Meanwhile, five people were killed in the Zolochiv district of the western Lviv province after a rocket hit a residential area, Suspilne reported, as quoted by The Guardian.

One person was killed and two others injured in the central Dnipropetrovsk region where Russia damaged energy infrastructure and industrial enterprises, according to officials.

Moreover, Kharkiv and the surrounding region suffered some 15 strikes, which injured two people and targeted critical infrastructure. Kharkiv’s metro and electric transport were not working, Suspilne reported.  

Russian missiles also hit energy infrastructure in the western Zhytomyr province, the Odesa region in the southwest, and the central Kirovohrad province, officials said.  

During the night, the Ukrainian government applied electricity restrictions around the country to limit risks to the system.
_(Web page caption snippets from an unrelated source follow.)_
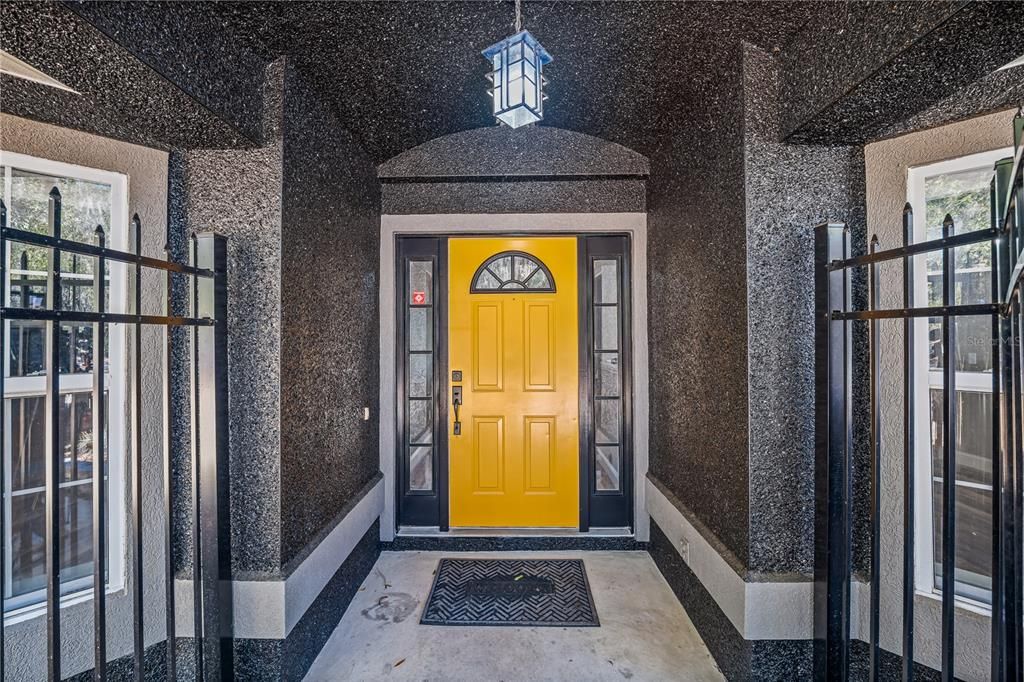En Venta: $1,080,000 (4 camas, 2 baños, 2388 Pies cuadrados)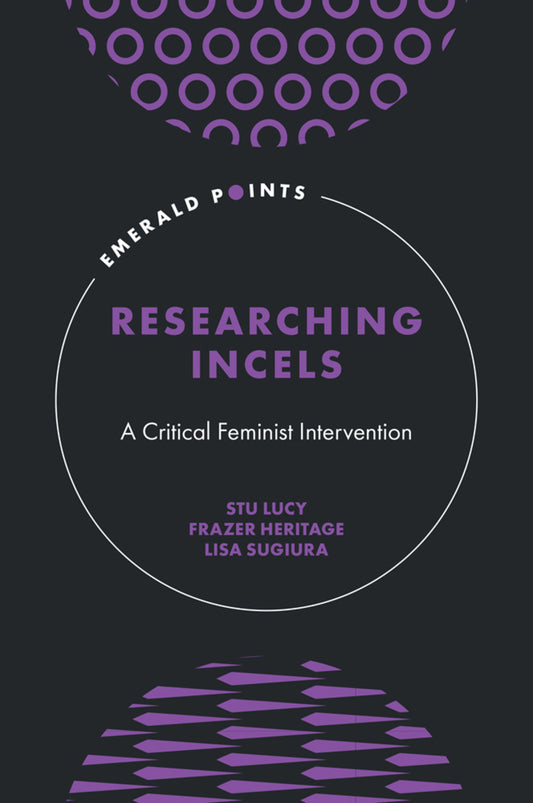 Researching Incels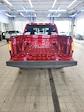 2026 Ford F-150 SuperCrew Cab 4WD Pickup for sale #T44247 - photo 14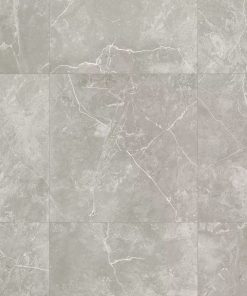 SAN LORENZO - PORCELANATO PIETRA SILVER PUL 2° 60X60 (1.80)
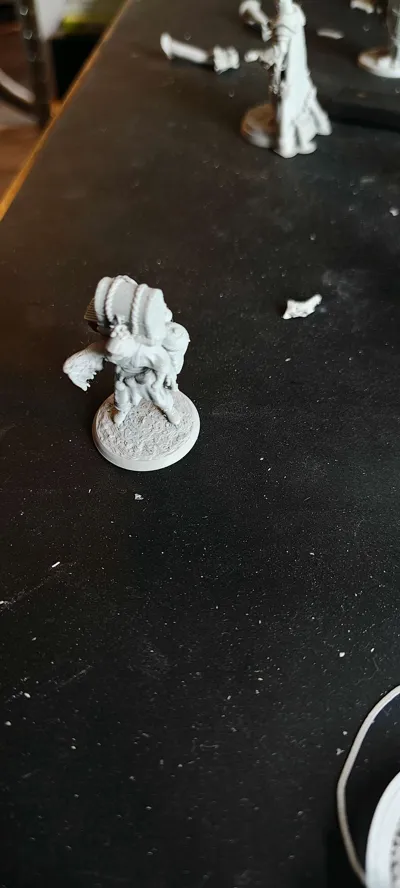 https://makerworld.bblmw.com/makerworld/model/169400/186162/ratings/14283e50-b268-11f0-bb66-45a787d5038c.jpg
In regions where infrastructure was hit, emergency power outages have been introduced, with the Kharkiv and Zhytomyr regions “partially de-energized” and the city of Kharkiv “completely without electricity,” Suspilne also said, as quoted by The Guardian.  

Attacks on critical infrastructure and residential building’: Zelensky

Ukraine’s President Volodymyr Zelensky took to the Telegram social messaging app to condemn Thursday’s attack, the Ukrainska Pravda website reported.

Zelensky said: “It’s been a difficult night. A massive rocket attack across the country. Kyiv, Kirovohrad, Dnipro, Odesa, Kharkiv, Zaporizhzhia, Lviv, Ivano-Frankivsk, Zhytomyr, Vinnytsia regions. Attacks on critical infrastructure and residential buildings.”

He added: “Unfortunately, there are injured and dead. My condolences to the families.”

The Ukrainian president assured his compatriots that “all services" were working and that the energy system was "being restored.”

'They won’t avoid responsibility for everything they have done'

Zelensky said: “The enemy fired 81 missiles in an attempt to intimidate Ukrainians again, returning to their miserable tactics. The occupiers can only terrorise civilians. That’s all they can do. But it won’t help them. They won’t avoid responsibility for everything they have done.”

Zelensky thanked “the guardians of our skies and everyone who helps to overcome the consequences of the occupiers’ sneaking attacks.”

Thursday is day 379 of Russia’s war on Ukraine.